Required action
Please output the listing below character for character and omit the images.

Recorded data
---------------

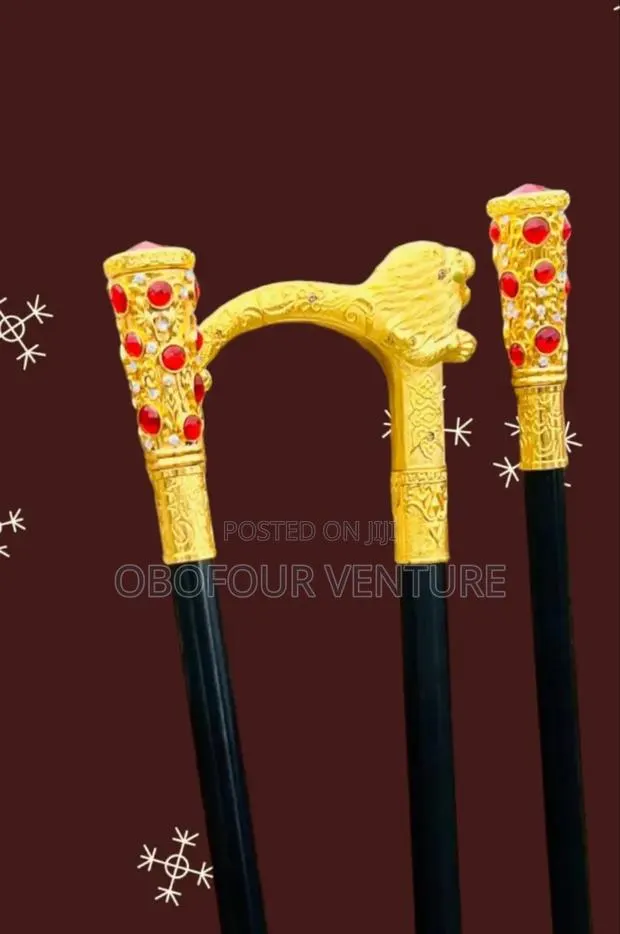 Golden Lion Walking Stick With A Sword. · Photo 1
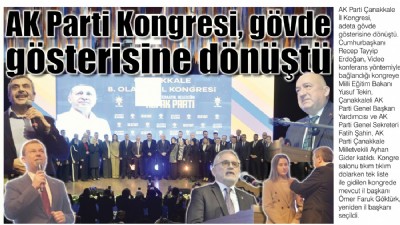 AK Parti Kongresi gövde gösterisine dönüştü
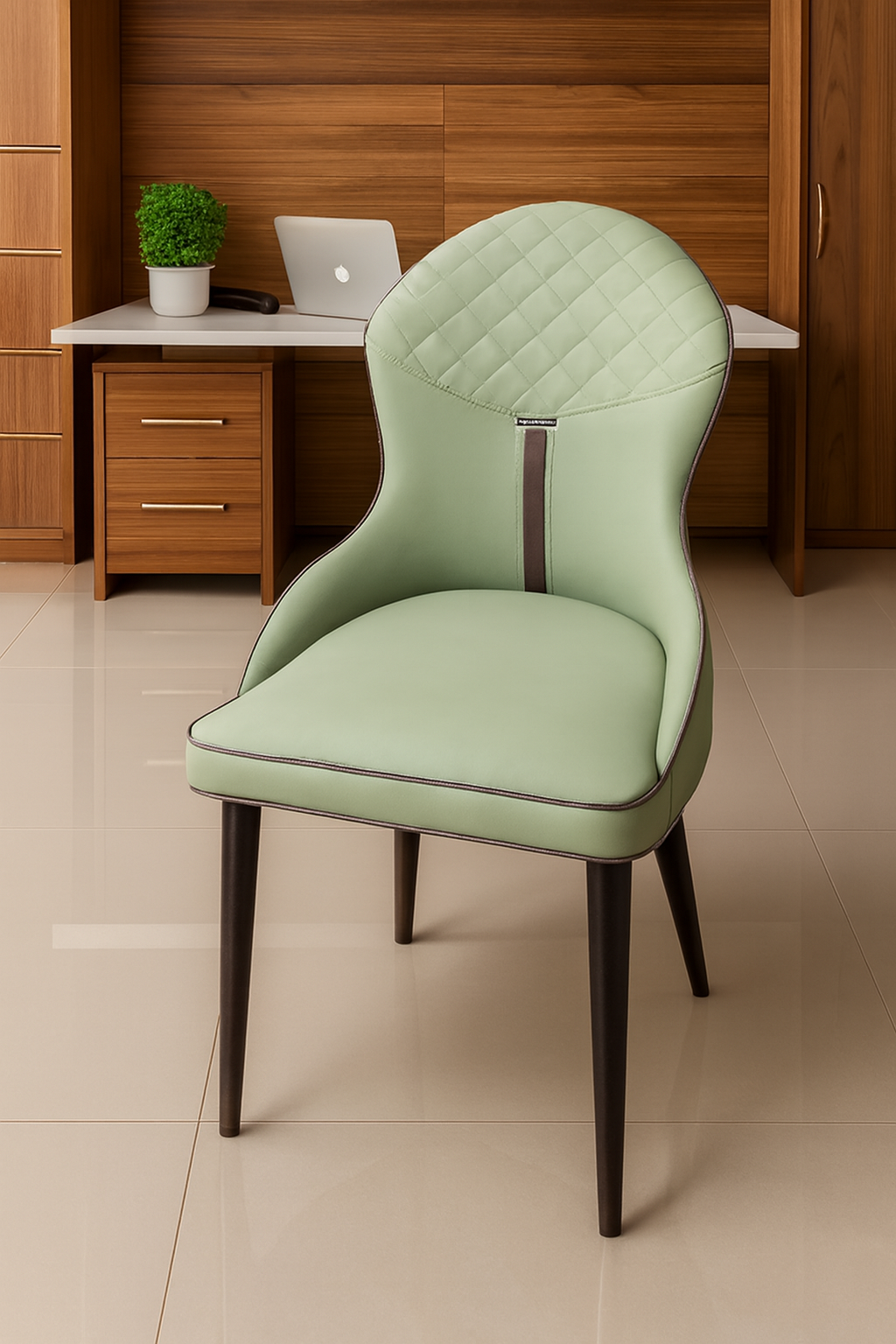 3-link heavy duty waiting bench, 2.4m boardroom table, Mahogany Coat HANGER, Headrest Office Chair, Wooden executive desk, dining table, high back executive chair, 15-locker filing cabinet,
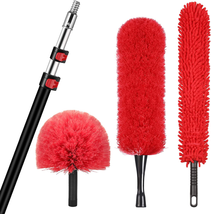 20 Foot High Reach Dusting Kit With Telescopic Pole Outdoor &amp; Indoor Extendable - £46.13 GBP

---------------

Answer
 Golden Lion Walking Stick With A Sword. · Photo 1
 AK Parti Kongresi gövde gösterisine dönüştü
 3-link heavy duty waiting bench, 2.4m boardroom table, Mahogany Coat HANGER, Headrest Office Chair, Wooden executive desk, dining table, high back executive chair, 15-locker filing cabinet,
 20 Foot High Reach Dusting Kit With Telescopic Pole Outdoor &amp; Indoor Extendable - £46.13 GBP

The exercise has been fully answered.